Lawrence Pintak, a former CBS News Middle East correspondent and now director of the Adham Center for Electronic Journalism at the American University in Cairo, has watched Al Jazeera far closer than most. He too thinks the new English channel deserves a chance."Al Jazeera journalists do not wake up every morning and ask themselves, `How can we screw the North Americans today.'

They report from an emphatically Arabic perspective, they are sensational, they use loaded language at times and they do show the kind of graphic images you don't see on North American TV," Pintak told the Star."The analogy is to Fox (News) , in that they present as clear and overt an Arabic perspective as Fox is American."But it should also be noted that they have reduced the sensationalism and rhetoric in recent years. Al Jazeera today has a much greater awareness of the need to do things in a more responsible and balanced way."

Pintak points to coverage of last summer's Israeli-Hezbollah conflict, during which Al Jazeera dropped the word "martyr" in describing civilians killed in the fighting. The decision triggered a backlash from many viewers. Pintak said Al Jazeera's shift toward more responsible journalism was all the more striking given what he called the "bizarre, frustrating and over-hyped" efforts of U.S. cable news outlets to cover the same conflict.

He singled out high-wattage celebrity correspondents Anderson Cooper and John Roberts as emblematic of a fly-in press corps staring across the border into Lebanon, woefully ill-equipped to convey a sense of the nuance on the other side."Lost in the fog of hype and self-aggrandizement on the cable segments was much of the subtle complexity of the conflict," said Pintak. "Instead, it was too often reduced to the black-hat, white-hat characterization that has guided U.S. policy toward the region."Whether AJI will attain better journalistic altitude, Pintak said, remains to be seen."They have a lot of relatively senior Western journalists and I suppose the real test will come when the shit hits the fan.
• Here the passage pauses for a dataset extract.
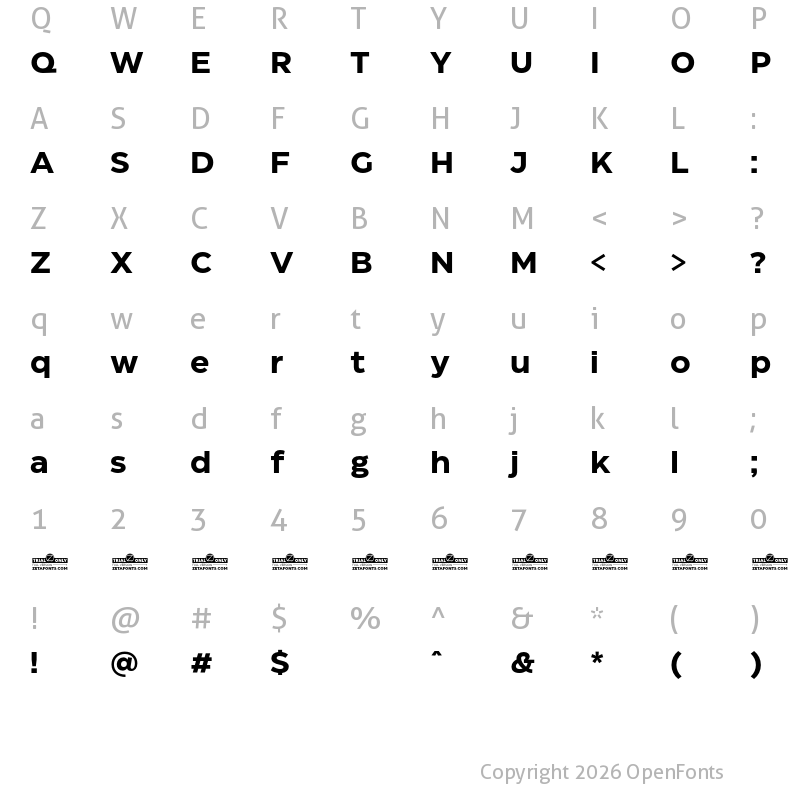 Character Map of Eastman Trial Bold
When they step on somebody's toes in a big way, we can watch how they react and that will give us a sense of their perspective on things."

Whether Canadians will eventually be able to tune in remains to be seen as well. AJI's Oliver said the new channel's strategy is to wait until after tomorrow's launch to present an application to the Canadian Radio-television and Telecommunications Commission. But Al Jazeera headquarters is mindful of the controversial CRTC 2004 ruling that has effectively kept the Arabic flagship off Canadian airwaves.

Though technically the licence was approved, the permission came with a caveat that required carriers to monitor Al Jazeera on a time delay to prevent the dissemination of "abusive" rhetoric.The ruling balanced off objections from the Canadian Jewish Congress. "As a Canadian I am embarrassed by this ruling," said Gizbert, the London-based former ABC News correspondent who will host Listening Post, an independently produced media show. "Basically they gave Al Jazeera the Don Cherry treatment, but they did so knowing full well that no cable carrier in the country would take on a channel knowing it would have to staff there 24 hours a day monitoring in Arabic."